▶ [Input data]:
-=-=-=-=-

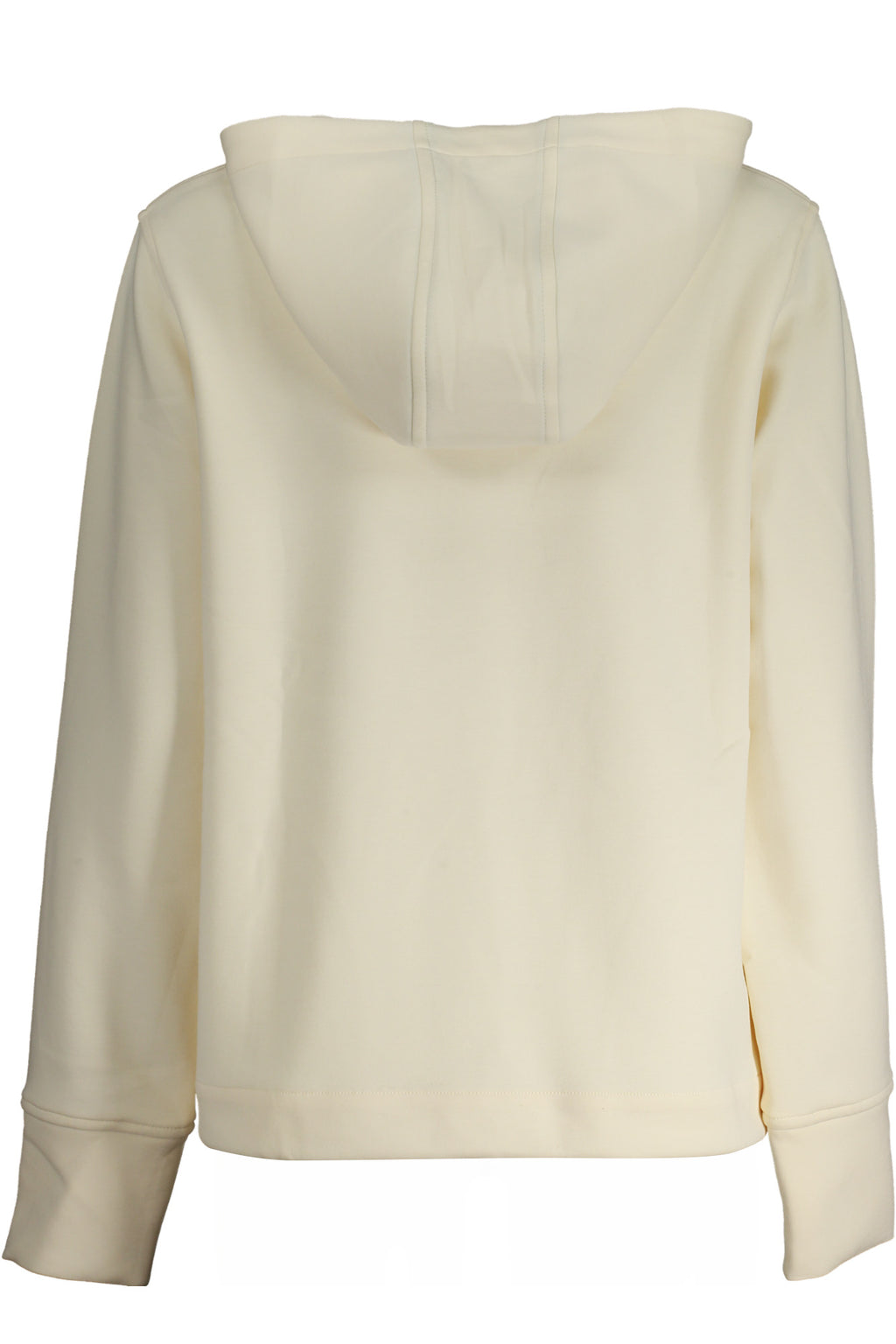 K-WAY BEIGE WOMEN'S ZIPLESS SWEATSHIRT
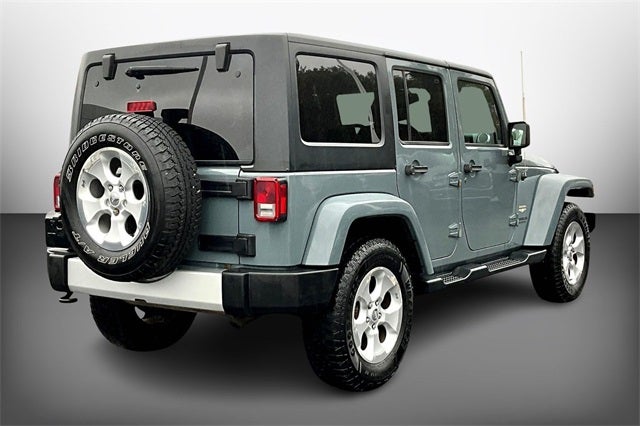 2015 Jeep Wrangler Unlimited Sahara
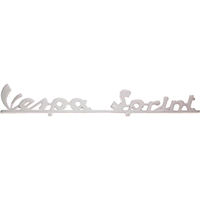 Heckschild Ersatzteil Scooter FÜR Piaggio Vespa Sprint 90663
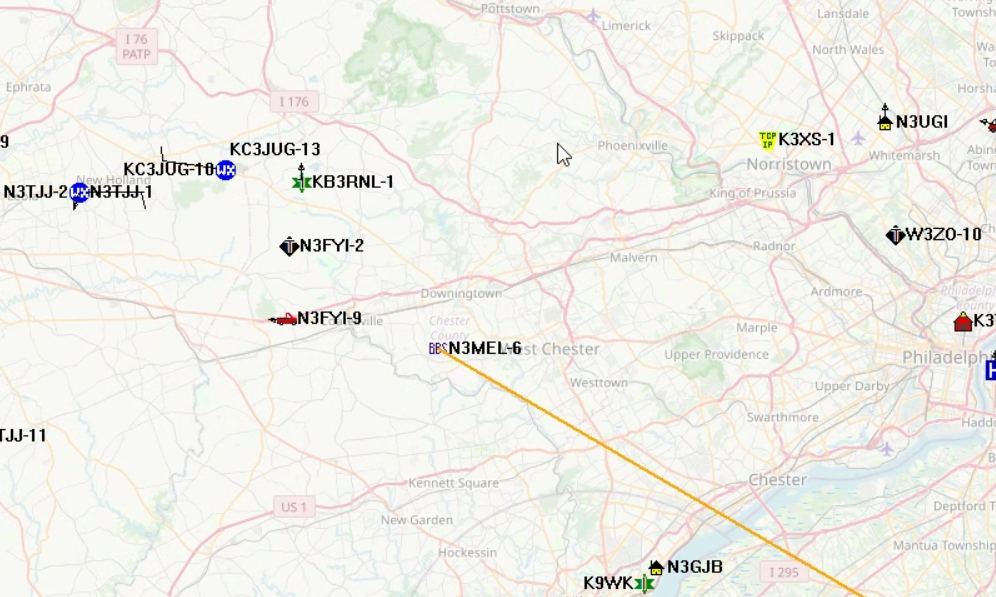 APRS MESSAGING:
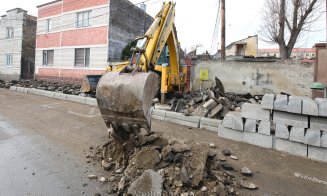 Veste bună pentru turdeni. Start lucrărilor pe strada Axente Sever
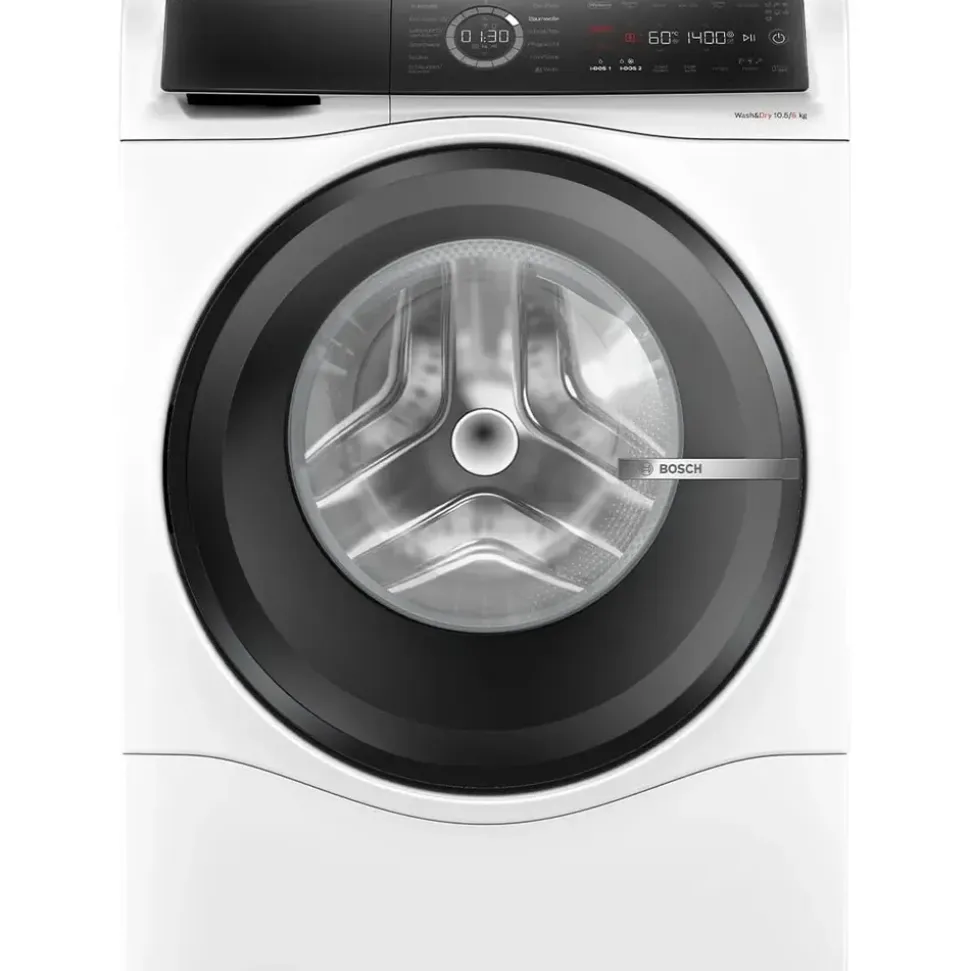 Bosch Serie 8 WNC254A40 Waschtrockner (10.5 kg / 6 kg, 1400 U/min)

-=-=-=-=-

▶ [What the task asks]:
Beginning with the line where "Veste bună pentru" appears, reproduce every remaining line of the listing above, the last one included, but none of the pictures.

▶ [Response below]:
 Veste bună pentru turdeni. Start lucrărilor pe strada Axente Sever
 Bosch Serie 8 WNC254A40 Waschtrockner (10.5 kg / 6 kg, 1400 U/min)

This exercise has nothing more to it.